What the exercise asks → Among the entries below, take the line with "of cytotoxic drug" and the line with "Source: John Hayes and Roland Wolf (1990)", and output them and every line between them exactly, with nothing else.

———

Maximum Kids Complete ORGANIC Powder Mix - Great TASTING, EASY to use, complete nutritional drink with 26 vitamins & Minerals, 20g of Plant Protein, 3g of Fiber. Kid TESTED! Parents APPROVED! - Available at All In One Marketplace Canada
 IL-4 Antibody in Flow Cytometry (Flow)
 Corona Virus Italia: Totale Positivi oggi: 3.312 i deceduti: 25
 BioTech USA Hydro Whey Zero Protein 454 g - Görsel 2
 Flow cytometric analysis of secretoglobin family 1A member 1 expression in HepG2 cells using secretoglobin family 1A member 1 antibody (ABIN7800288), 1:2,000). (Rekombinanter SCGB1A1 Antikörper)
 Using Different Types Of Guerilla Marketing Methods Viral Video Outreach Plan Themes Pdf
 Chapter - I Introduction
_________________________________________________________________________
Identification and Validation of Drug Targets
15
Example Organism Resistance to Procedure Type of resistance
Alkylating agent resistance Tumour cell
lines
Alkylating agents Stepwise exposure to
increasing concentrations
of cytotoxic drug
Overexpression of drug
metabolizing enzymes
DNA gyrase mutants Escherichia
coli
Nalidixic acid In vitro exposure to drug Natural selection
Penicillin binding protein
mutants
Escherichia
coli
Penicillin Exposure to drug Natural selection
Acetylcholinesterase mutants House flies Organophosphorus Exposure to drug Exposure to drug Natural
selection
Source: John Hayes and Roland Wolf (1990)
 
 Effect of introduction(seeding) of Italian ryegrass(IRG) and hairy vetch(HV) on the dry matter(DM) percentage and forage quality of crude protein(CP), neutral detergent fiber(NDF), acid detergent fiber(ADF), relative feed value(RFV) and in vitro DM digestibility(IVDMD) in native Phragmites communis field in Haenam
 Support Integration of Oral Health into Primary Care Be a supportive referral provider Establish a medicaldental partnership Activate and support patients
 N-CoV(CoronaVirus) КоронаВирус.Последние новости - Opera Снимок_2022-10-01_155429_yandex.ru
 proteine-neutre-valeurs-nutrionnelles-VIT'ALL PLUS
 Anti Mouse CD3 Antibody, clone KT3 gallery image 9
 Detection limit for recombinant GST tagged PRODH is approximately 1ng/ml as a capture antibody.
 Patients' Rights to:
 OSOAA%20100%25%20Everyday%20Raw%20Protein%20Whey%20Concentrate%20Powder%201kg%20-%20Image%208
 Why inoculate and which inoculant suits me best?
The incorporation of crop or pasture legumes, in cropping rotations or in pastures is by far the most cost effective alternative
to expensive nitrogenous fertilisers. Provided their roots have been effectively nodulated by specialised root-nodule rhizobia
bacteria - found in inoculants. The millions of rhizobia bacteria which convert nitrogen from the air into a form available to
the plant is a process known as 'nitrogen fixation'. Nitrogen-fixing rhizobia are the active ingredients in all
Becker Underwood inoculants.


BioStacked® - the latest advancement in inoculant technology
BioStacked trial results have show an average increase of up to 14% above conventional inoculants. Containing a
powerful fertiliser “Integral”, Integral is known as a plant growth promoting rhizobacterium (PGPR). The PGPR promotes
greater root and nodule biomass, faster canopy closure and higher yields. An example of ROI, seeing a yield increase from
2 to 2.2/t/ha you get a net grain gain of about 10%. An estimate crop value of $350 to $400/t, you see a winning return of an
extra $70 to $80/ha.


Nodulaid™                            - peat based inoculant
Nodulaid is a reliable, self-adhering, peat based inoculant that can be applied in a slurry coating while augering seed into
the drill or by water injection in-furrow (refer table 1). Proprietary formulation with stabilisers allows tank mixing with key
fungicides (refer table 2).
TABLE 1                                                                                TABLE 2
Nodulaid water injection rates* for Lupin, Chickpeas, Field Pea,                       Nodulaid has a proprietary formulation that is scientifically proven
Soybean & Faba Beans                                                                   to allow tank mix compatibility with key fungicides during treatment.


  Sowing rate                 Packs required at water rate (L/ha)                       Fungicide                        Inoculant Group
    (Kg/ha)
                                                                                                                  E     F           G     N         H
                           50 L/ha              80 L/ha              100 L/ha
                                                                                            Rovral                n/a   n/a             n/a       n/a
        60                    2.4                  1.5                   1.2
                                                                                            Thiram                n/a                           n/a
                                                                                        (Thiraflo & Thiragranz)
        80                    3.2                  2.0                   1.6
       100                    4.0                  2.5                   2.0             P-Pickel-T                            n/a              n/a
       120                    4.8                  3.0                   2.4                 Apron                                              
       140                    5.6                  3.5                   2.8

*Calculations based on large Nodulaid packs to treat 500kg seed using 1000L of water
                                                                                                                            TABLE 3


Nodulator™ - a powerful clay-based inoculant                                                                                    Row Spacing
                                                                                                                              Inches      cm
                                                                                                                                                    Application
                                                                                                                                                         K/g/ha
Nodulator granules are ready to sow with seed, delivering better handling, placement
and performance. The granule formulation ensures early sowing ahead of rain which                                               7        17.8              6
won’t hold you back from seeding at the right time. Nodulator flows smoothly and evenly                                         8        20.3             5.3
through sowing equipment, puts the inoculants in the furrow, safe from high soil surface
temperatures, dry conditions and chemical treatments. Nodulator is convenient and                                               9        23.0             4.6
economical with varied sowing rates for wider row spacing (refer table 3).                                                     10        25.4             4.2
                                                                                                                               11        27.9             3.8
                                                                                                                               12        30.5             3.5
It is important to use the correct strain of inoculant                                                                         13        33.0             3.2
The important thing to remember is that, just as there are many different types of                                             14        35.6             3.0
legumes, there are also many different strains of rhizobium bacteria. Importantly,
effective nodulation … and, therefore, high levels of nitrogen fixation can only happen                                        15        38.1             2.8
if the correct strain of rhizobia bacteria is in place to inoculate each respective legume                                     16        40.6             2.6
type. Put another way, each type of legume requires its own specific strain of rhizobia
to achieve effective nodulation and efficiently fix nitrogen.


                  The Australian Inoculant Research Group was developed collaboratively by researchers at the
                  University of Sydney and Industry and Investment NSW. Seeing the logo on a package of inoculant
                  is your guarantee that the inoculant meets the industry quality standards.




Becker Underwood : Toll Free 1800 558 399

———

Response area →
of cytotoxic drug
Overexpression of drug
metabolizing enzymes
DNA gyrase mutants Escherichia
coli
Nalidixic acid In vitro exposure to drug Natural selection
Penicillin binding protein
mutants
Escherichia
coli
Penicillin Exposure to drug Natural selection
Acetylcholinesterase mutants House flies Organophosphorus Exposure to drug Exposure to drug Natural
selection
Source: John Hayes and Roland Wolf (1990)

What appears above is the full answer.